As you can read already there’s a shit-ton of stuff going on in this film, and I firmly believe that had the scope of this movie been narrowed just a bit, it could have been great–and by “great”, I mean Sam Raimi’s Spiderman 2great. The heart of this movie much like the first one are the relationships of the core characters. This is where Marc Webb’s relationship expertise (i.e. 500 days of Summer) comes in and shines. The chemistry between Garfield and Stone is (no pun intended) amazing, and the story gives you plenty of time with them. Their scenes will push your emotions all over the place and ultimately are the backbone (pun intended, you’ll see) of the film. DeHaan’s portrayal of Harry Osborn will make you immediately forget that other guy who portrayed him in the Sam Raimi trilogy, but sadly, you’re only given two scenes with him and Peter together.

In my opinion had they cut out the Electro plot-line all together and given that screen time to Peter and Harry this movie (especially the ending) would have had much more weight.



Speaking of Electro, while I love Jamie Foxx, his character is nothing more than a bad version of Jim Carrey’s Riddler, and an excuse for some impressive but ultimately superfluous CG action sequences. The supporting cast of this movie does fine, but the scene with Sally Field and Andrew Garfield is gut-wrenching and wonderful to watch.

Another highlight of the film is the damn-near seamless CG. There is a Spidey swinging sequence towards the opening of the film that for a second convinced me that someone was actually swinging around the city with a GoPro attached to them. It was “Impressive, most impressive”. The Electro/Spidey battles were equally impressive, but when it came to close quarters combat with Harry (at no time is he referred to as The Green Goblin) the seams showed a little bit, but didn’t distract too much from the action.

The only thing left to comment on is the ginormous spoiler that takes place towards the end of the movie.
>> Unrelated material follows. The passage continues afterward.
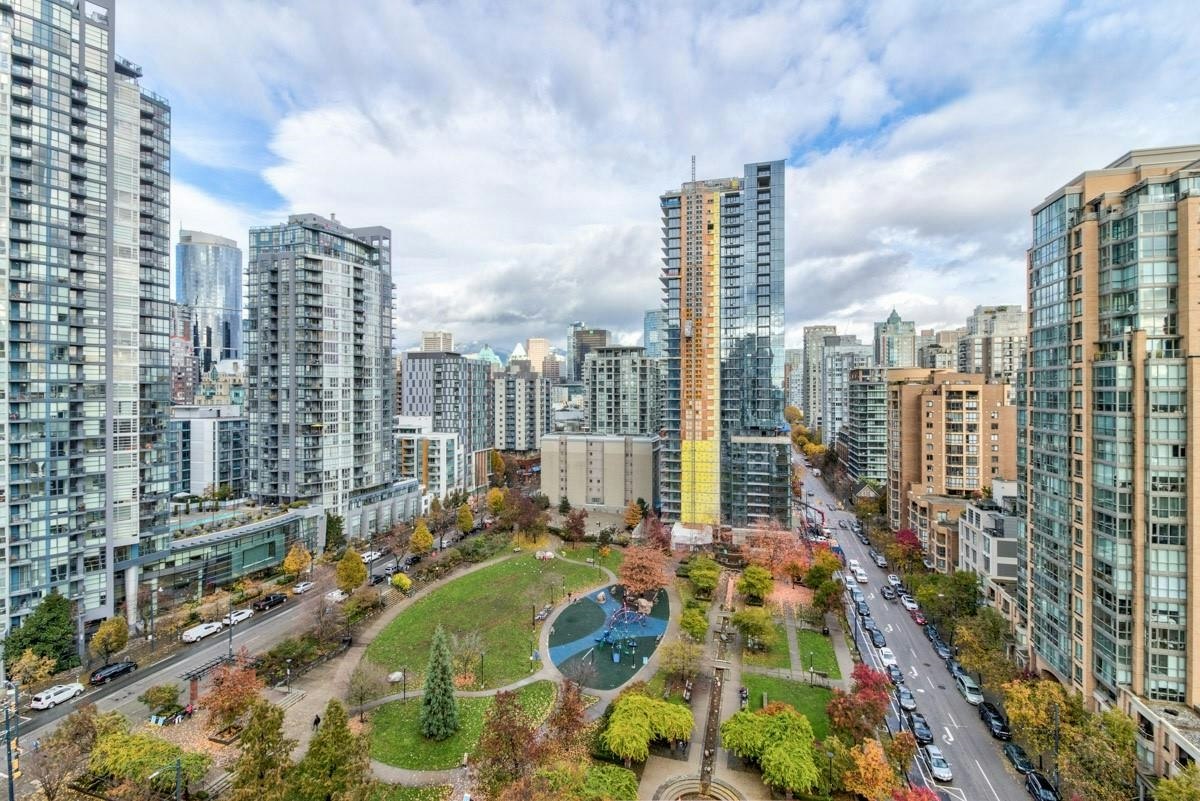 1703-1225 Richards Street, Vancouver, BC, V6B 1E6 - 16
I won’t spoil it for you, but I will say that I was surprised to see it and glad it was there showing us even more of Marc Webb’s emotional touch.

The Amazing Spider-Man 2 has a LOT of problems, but the performance of the core characters makes up for them and provides you with a very entertaining film that’s swings miles ahead of its first effort.

Go out, see it with confidence and enjoy.